1) Why do we have so many weeds?
Dandelions in particular, weeds in general, do not seem concerned about how long lawn has been under good care. Airborne seed and seed which has been in the soil for years will seek the opportunity to grow in any area of weakness in turf density. Weather extremes usually create these kinds of weak areas, even in the best lawns.
2) Should we dig up our weeds?
Absolutely not. This common activity is extremely harmful to any lawn, since the vacant space usually fills in with a greater abundance of undesirable vegetation.
3) Don’t weeds choke out the good grass?
Contrary to popular opinion, almost never. Rare instances of this occurring from knotweed, hawkweed and chickweed have been observed in this area.
4) Will you get rid of all our weeds?
No, since nature is continually interfering. However, the majority will eventually be controlled.
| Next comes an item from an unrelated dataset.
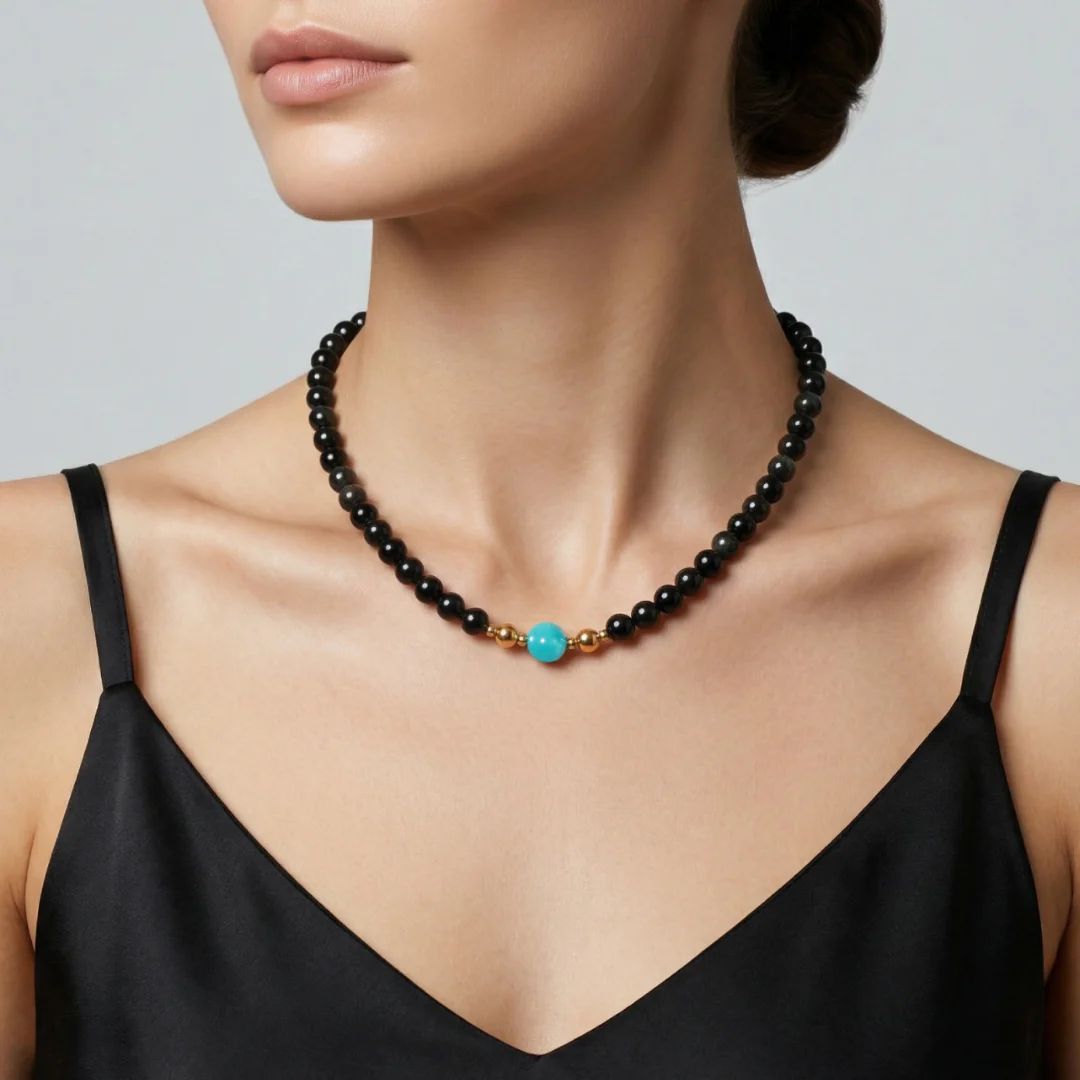 Close-up on model's collarbone featuring the JUNE ELLE MagMix modular necklace, pairing a black Obsidian beaded choker with an Amazonite focal piece, seamlessly joined by gold magnetic clasps.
5) Should weed control be applied on newly seeded areas?
No, not without substantial risk of damage to the seed.
6) Why do we get crabgrass?
Since most soils are abundant with the seeds of annual weeds, they will germinate when the conditions are favorable. Ground temperatures of 75 to 80, thin turf areas, water runoff areas, and disturbed pre-emergent barriers are favorable conditions.
7) Why does crabgrass seem to take over?
The rapid lateral growth of the leaves on each mature plant makes it appear that the plants are multiplying. This false appearance usually occurs in August.
8) Shouldn’t crabgrass be killed or pulled out?
Absolutely not. Physical removal promotes other annual grasses and even worse, perennial weeds. Crabgrass will die with the first frost, and it provides an ideal seedbed for seeding desirable grass, with which turf can be thickened and future crabgrass prevented.
9) What is the right way to control crabgrass?
Thick turf and proper applications of an effective granular pre-emergent will discourage annual grasses, such as crabgrass.
1) What is the right grass to grow in this area?
The public’s desire for durability, manageability, econony and beauty can only be filled with bluegrasses in the sunny areas and ryegrasses in the shady areas.
2) How much grassseed should be put down?
During the first year of the establishment of bare dirt areas, a minimum of 14 seeds per square inch should applied (2 million seeds per 1,000 sq. feet.) Subsequent overseeding rates may vary according to existing density, planting methods, irrigation capabilities, timing a objectives.
3) Is grass seed visible?
Yes, but varieties which have seed counts in excess 1 million per pound (bluegrass) are hard for the untrained eye to spot if already applied.
4) What could prevent seed from germinating?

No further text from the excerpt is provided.